▶ AIM OF THE TASK: Reproduce only the lines of the material below that start at the line containing "Save The Date" and stop at the line containing "Fort Lauderdale Script Snapback Hat Silver". Keep both end lines.

ENTRIES PROVIDED below:

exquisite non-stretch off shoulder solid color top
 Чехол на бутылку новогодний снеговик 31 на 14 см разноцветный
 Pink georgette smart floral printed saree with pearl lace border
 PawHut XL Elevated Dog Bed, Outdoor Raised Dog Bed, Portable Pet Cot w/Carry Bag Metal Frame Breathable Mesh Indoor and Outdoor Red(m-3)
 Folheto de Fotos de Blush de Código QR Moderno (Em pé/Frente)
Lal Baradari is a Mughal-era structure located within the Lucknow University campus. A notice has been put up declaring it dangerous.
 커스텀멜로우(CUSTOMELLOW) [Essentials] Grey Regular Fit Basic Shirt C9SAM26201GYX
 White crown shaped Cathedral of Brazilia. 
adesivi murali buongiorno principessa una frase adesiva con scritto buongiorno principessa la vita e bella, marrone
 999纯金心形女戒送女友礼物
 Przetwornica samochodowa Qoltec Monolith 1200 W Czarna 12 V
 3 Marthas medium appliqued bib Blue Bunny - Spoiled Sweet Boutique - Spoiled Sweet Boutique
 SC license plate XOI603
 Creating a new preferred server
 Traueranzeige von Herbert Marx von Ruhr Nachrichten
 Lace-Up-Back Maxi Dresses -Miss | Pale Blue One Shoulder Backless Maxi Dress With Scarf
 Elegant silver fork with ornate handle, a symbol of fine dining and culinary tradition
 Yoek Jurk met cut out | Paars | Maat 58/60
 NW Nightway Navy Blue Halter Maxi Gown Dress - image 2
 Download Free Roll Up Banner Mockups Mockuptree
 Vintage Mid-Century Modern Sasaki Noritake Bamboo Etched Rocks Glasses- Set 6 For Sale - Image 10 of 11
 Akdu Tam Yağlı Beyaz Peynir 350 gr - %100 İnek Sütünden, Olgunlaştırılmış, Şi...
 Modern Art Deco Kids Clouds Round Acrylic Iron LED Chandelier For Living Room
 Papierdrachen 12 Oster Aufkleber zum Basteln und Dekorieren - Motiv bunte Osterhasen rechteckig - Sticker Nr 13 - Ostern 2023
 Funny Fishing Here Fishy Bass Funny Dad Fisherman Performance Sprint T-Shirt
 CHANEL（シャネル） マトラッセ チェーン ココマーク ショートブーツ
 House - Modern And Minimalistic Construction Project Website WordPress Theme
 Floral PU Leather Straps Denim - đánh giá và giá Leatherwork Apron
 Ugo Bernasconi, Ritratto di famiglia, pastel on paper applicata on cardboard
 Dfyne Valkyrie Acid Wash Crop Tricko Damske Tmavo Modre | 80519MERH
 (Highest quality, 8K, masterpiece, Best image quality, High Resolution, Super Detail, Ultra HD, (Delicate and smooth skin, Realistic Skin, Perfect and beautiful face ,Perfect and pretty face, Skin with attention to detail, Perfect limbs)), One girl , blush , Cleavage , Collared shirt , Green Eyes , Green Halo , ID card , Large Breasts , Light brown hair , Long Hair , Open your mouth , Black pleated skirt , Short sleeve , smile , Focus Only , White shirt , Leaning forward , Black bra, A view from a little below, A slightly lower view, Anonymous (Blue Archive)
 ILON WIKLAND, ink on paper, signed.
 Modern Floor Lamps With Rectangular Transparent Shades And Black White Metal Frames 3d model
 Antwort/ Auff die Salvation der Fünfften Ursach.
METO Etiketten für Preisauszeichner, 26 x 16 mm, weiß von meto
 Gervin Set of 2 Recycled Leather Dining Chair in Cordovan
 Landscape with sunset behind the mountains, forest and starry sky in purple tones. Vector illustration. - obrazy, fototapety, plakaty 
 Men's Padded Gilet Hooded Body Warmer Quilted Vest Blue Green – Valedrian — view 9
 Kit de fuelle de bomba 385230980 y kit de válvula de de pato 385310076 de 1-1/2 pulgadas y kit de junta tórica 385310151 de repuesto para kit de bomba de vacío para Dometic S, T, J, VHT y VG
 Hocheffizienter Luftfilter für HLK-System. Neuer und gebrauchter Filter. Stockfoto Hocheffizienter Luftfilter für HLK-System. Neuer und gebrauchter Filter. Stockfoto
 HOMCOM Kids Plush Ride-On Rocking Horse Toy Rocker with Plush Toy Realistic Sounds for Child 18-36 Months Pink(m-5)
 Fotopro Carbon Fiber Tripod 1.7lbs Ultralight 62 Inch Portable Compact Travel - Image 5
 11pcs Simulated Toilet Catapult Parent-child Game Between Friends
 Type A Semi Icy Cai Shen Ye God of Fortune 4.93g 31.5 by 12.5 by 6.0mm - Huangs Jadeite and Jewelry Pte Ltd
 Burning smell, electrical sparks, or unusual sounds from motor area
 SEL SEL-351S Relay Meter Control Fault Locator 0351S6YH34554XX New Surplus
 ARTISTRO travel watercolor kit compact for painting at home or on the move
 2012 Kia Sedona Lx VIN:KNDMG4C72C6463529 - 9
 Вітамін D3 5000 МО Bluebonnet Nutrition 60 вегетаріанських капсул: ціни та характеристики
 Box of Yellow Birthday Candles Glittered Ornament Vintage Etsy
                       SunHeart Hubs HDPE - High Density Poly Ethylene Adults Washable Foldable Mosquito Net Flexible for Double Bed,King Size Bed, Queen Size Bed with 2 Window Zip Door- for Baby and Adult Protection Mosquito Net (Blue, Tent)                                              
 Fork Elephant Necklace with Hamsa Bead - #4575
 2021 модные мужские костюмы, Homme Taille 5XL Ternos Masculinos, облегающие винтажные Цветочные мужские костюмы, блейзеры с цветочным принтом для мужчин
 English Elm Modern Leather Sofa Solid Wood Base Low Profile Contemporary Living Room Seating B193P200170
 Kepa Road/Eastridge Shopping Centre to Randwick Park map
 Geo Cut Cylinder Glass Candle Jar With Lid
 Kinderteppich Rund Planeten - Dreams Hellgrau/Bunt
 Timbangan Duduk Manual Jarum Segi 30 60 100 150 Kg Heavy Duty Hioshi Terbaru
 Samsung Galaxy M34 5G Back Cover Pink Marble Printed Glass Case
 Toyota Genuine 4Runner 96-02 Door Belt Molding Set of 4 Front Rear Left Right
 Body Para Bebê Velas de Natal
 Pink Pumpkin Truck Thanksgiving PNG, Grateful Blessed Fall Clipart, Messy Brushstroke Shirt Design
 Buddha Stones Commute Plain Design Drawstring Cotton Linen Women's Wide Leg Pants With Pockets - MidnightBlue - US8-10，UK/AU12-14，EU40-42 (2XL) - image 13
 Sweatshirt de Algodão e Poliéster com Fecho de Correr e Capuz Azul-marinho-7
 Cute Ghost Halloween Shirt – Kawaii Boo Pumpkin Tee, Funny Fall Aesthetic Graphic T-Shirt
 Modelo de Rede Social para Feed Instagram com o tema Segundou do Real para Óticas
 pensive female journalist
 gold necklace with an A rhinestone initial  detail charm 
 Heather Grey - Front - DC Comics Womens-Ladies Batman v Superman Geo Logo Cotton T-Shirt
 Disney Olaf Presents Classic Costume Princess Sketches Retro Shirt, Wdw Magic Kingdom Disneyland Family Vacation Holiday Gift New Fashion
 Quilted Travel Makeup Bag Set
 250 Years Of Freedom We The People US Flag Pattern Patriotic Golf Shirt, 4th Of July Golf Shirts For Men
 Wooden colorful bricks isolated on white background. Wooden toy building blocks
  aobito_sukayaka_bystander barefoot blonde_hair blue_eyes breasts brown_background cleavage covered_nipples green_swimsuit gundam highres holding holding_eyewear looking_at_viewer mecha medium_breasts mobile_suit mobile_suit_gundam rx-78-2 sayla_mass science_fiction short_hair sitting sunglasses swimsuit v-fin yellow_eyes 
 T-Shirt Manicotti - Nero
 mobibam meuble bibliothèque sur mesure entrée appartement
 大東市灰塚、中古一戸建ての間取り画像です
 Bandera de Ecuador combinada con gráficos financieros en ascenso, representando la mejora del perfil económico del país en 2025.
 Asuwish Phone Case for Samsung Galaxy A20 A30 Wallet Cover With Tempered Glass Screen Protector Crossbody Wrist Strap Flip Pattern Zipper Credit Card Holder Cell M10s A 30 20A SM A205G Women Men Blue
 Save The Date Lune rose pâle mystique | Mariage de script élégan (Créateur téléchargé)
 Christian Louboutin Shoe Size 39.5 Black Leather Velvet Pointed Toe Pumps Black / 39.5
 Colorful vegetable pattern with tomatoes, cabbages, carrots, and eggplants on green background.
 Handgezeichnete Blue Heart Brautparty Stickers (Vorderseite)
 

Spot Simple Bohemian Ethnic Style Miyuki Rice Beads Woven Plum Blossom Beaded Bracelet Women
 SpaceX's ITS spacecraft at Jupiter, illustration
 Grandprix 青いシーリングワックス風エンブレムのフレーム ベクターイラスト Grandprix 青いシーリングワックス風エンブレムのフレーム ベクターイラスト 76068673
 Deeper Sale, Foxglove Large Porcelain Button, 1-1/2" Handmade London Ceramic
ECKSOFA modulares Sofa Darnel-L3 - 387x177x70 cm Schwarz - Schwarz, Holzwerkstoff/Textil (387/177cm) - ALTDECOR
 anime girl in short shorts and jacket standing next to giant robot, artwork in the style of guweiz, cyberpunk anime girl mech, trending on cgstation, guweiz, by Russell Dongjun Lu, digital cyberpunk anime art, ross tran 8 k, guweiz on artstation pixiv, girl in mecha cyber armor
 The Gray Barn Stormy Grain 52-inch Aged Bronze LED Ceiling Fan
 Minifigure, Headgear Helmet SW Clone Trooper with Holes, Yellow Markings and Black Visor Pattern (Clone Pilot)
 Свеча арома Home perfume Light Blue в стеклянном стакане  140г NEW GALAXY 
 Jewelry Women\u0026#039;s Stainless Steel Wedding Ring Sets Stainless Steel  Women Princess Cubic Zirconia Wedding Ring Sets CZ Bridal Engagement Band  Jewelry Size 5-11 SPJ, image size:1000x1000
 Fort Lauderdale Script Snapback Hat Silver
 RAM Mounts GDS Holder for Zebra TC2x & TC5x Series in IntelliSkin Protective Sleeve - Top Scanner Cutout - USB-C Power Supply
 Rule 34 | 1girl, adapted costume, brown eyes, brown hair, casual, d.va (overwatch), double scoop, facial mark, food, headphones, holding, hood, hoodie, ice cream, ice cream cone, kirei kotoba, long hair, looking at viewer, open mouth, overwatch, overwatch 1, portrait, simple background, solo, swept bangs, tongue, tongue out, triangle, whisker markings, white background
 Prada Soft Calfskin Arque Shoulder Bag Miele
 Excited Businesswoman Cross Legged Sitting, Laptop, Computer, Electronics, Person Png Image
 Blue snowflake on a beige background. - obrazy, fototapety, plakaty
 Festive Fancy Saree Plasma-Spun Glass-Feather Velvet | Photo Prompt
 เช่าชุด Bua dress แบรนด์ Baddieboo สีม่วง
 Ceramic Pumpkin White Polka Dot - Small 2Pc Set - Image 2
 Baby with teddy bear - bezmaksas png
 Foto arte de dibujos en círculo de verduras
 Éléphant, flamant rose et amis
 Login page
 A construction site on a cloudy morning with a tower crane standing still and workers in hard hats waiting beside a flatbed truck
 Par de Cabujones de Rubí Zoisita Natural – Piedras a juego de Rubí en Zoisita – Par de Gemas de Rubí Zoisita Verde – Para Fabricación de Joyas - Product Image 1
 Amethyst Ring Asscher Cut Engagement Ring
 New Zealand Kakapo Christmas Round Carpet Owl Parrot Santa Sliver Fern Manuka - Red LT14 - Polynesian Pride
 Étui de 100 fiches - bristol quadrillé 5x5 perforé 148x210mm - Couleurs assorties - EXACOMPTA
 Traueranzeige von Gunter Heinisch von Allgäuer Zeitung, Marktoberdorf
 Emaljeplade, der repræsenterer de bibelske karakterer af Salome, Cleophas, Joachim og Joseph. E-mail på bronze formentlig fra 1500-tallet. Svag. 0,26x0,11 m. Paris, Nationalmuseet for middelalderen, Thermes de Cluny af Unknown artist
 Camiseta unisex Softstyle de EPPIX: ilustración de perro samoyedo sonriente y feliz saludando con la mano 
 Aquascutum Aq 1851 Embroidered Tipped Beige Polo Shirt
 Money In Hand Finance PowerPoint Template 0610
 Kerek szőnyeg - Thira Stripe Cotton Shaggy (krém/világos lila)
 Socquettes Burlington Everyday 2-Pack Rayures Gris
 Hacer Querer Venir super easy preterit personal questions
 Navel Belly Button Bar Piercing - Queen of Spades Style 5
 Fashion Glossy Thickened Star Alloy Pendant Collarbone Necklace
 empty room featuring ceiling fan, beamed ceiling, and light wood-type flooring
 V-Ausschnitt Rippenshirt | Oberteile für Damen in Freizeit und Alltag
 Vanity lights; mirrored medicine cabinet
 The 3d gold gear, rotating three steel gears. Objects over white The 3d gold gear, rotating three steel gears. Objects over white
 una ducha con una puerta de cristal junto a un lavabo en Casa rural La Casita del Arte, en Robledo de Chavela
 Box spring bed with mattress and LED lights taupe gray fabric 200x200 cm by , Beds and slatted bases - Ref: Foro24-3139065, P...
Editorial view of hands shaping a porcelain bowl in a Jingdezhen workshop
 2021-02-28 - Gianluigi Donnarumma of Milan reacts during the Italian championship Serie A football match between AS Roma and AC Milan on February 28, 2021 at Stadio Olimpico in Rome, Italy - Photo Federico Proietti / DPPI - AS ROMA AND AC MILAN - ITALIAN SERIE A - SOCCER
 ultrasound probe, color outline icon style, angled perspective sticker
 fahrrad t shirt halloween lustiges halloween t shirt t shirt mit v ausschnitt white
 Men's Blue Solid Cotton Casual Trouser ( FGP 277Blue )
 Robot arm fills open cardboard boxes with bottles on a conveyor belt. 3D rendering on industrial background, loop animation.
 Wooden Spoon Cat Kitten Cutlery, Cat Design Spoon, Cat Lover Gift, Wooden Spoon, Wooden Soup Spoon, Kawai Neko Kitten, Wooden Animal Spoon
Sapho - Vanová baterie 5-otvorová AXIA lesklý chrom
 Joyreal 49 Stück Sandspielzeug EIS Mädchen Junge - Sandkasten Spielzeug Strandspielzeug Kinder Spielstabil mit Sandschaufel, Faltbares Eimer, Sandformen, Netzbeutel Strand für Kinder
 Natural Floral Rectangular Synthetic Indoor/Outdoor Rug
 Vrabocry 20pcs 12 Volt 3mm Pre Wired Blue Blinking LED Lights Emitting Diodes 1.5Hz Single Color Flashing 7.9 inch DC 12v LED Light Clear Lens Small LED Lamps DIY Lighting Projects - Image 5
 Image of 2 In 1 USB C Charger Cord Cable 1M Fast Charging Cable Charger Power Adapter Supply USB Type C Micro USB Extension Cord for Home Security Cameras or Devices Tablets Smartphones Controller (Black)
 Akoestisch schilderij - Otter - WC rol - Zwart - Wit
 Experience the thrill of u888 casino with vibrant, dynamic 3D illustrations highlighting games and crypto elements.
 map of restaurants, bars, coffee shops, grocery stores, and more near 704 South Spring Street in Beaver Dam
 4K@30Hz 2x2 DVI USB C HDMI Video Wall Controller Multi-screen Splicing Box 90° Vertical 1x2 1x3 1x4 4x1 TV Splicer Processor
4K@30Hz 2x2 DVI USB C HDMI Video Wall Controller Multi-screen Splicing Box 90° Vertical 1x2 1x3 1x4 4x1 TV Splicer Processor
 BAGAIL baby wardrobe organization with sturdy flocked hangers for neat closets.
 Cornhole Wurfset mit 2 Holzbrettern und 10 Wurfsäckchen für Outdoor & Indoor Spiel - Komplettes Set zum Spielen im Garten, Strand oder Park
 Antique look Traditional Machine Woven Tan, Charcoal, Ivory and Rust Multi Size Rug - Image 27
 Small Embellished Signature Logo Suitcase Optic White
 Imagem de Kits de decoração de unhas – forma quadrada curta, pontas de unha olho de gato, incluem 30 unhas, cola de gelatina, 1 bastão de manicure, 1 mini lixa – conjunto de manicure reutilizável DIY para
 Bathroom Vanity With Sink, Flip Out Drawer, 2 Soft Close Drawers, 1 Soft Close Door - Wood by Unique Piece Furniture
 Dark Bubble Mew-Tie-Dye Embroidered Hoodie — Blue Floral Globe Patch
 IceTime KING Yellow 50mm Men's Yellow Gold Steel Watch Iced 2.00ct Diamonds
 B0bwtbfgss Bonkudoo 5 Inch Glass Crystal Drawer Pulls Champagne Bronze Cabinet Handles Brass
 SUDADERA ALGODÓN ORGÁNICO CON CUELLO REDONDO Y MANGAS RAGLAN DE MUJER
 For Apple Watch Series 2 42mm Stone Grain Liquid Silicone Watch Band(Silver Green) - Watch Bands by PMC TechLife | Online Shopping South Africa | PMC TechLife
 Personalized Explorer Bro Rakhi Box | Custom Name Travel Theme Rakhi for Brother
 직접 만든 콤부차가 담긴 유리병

End of ENTRIES PROVIDED.

▶ COMPLETED TASK:
 Save The Date Lune rose pâle mystique | Mariage de script élégan (Créateur téléchargé)
 Christian Louboutin Shoe Size 39.5 Black Leather Velvet Pointed Toe Pumps Black / 39.5
 Colorful vegetable pattern with tomatoes, cabbages, carrots, and eggplants on green background.
 Handgezeichnete Blue Heart Brautparty Stickers (Vorderseite)
 

Spot Simple Bohemian Ethnic Style Miyuki Rice Beads Woven Plum Blossom Beaded Bracelet Women
 SpaceX's ITS spacecraft at Jupiter, illustration
 Grandprix 青いシーリングワックス風エンブレムのフレーム ベクターイラスト Grandprix 青いシーリングワックス風エンブレムのフレーム ベクターイラスト 76068673
 Deeper Sale, Foxglove Large Porcelain Button, 1-1/2" Handmade London Ceramic
ECKSOFA modulares Sofa Darnel-L3 - 387x177x70 cm Schwarz - Schwarz, Holzwerkstoff/Textil (387/177cm) - ALTDECOR
 anime girl in short shorts and jacket standing next to giant robot, artwork in the style of guweiz, cyberpunk anime girl mech, trending on cgstation, guweiz, by Russell Dongjun Lu, digital cyberpunk anime art, ross tran 8 k, guweiz on artstation pixiv, girl in mecha cyber armor
 The Gray Barn Stormy Grain 52-inch Aged Bronze LED Ceiling Fan
 Minifigure, Headgear Helmet SW Clone Trooper with Holes, Yellow Markings and Black Visor Pattern (Clone Pilot)
 Свеча арома Home perfume Light Blue в стеклянном стакане  140г NEW GALAXY 
 Jewelry Women\u0026#039;s Stainless Steel Wedding Ring Sets Stainless Steel  Women Princess Cubic Zirconia Wedding Ring Sets CZ Bridal Engagement Band  Jewelry Size 5-11 SPJ, image size:1000x1000
 Fort Lauderdale Script Snapback Hat Silver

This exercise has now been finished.